Soyons au moins justes. Si nous mettons tous ces cas particuliers au débit de la Franc-Maçonnerie en général, attribuons-lui, en retour, les bienfaits que nous en avons reçus dans les mêmes conditions. Que les jésuites baisent leurs mains, pour avoir reçu asile et liberté en Prusse au XVIIIe siècle – quand ils furent expulsés de partout, et que le pape lui-même les répudia – par le franc-maçon Frédéric II. Remercions-le pour la victoire de Waterloo, car Wellington et Blucher étaient tous deux francs-maçons. Soyons reconnaissants envers elle d’avoir créé la base sur laquelle se baserait la future victoire des Alliés – l’« Entente Cordiale », œuvre du franc-maçon Édouard VII. N’oublions pas enfin que nous devons à la Franc-Maçonnerie la plus grande œuvre de la littérature moderne : le « Faust » du franc-maçon Goeth.

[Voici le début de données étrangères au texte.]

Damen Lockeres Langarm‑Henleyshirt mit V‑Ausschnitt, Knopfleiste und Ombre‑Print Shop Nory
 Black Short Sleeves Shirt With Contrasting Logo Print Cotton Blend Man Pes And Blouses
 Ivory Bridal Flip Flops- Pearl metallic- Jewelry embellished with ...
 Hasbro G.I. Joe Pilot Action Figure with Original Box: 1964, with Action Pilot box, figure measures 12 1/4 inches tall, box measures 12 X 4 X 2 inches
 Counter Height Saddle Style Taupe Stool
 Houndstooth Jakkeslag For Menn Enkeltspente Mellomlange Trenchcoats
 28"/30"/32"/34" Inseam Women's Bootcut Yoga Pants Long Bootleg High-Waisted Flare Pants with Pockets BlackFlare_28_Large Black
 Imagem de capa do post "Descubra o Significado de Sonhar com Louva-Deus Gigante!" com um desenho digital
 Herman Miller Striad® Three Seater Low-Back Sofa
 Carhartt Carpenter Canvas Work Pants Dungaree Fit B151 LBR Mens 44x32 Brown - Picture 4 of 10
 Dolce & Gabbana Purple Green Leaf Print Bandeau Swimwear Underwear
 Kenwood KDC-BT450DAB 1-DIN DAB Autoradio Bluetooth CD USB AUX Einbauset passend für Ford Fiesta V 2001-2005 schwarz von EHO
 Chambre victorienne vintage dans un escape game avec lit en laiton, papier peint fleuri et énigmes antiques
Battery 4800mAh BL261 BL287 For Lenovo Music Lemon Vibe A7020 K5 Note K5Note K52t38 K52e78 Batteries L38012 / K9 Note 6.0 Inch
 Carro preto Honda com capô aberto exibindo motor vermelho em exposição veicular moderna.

J’en ai fini pour de bon. Monsieur José Cabral, laissez la Franc-Maçonnerie aux Francs-Maçons et à ceux qui, bien qu’ils ne le soient pas, ont vu, même dans un autre Temple, la même Lumière. Laissez l’anti-franc-maçonnerie à ces anti-francs-maçons qui sont les descendants intellectuels légitimes du célèbre prédicateur qui découvrit qu’Hérode et Pilate étaient gardiens d’une Loge à Jérusalem.